> **Task instructions**
Repeat precisely the span of lines below that opens with the line containing "Child-friendly nail clipper" and closes with the line containing "Display audio Omnitronic DB-200 (Rack 1U)", both included.

[Records contained in a dataset]
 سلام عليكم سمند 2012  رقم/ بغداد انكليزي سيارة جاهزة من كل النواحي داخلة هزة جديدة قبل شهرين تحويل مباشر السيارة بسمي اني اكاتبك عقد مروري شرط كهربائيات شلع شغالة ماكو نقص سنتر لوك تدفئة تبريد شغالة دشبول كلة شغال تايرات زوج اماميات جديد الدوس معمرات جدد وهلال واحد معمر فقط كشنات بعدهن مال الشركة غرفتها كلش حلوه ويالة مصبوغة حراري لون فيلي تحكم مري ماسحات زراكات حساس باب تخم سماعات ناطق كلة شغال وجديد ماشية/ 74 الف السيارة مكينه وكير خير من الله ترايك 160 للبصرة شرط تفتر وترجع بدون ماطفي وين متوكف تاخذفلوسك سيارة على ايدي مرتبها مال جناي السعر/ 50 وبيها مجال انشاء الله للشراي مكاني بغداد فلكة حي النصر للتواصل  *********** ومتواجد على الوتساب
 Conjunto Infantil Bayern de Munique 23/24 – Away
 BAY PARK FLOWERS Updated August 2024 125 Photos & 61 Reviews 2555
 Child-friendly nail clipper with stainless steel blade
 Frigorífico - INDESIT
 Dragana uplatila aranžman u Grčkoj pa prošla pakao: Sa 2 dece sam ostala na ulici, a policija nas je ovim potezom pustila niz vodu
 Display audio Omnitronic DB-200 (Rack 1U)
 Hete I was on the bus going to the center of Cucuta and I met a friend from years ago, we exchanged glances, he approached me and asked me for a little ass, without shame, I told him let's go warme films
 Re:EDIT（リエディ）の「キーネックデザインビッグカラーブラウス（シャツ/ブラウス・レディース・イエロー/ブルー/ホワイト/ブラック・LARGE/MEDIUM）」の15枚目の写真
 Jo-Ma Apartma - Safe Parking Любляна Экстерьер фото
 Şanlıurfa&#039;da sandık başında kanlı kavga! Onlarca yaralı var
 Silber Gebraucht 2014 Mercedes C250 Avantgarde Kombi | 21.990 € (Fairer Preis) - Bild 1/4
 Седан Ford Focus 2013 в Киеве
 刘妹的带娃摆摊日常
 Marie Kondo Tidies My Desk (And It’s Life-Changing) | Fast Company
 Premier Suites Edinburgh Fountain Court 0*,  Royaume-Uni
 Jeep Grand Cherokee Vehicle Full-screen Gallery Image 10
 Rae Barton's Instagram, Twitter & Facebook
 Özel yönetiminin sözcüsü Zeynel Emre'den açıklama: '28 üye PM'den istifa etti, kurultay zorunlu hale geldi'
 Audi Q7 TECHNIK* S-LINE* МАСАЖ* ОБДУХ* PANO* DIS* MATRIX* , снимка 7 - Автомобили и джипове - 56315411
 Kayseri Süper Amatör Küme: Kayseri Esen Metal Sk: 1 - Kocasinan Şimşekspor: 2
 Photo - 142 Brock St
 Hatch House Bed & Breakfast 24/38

> **Answer for the task**
 Child-friendly nail clipper with stainless steel blade
 Frigorífico - INDESIT
 Dragana uplatila aranžman u Grčkoj pa prošla pakao: Sa 2 dece sam ostala na ulici, a policija nas je ovim potezom pustila niz vodu
 Display audio Omnitronic DB-200 (Rack 1U)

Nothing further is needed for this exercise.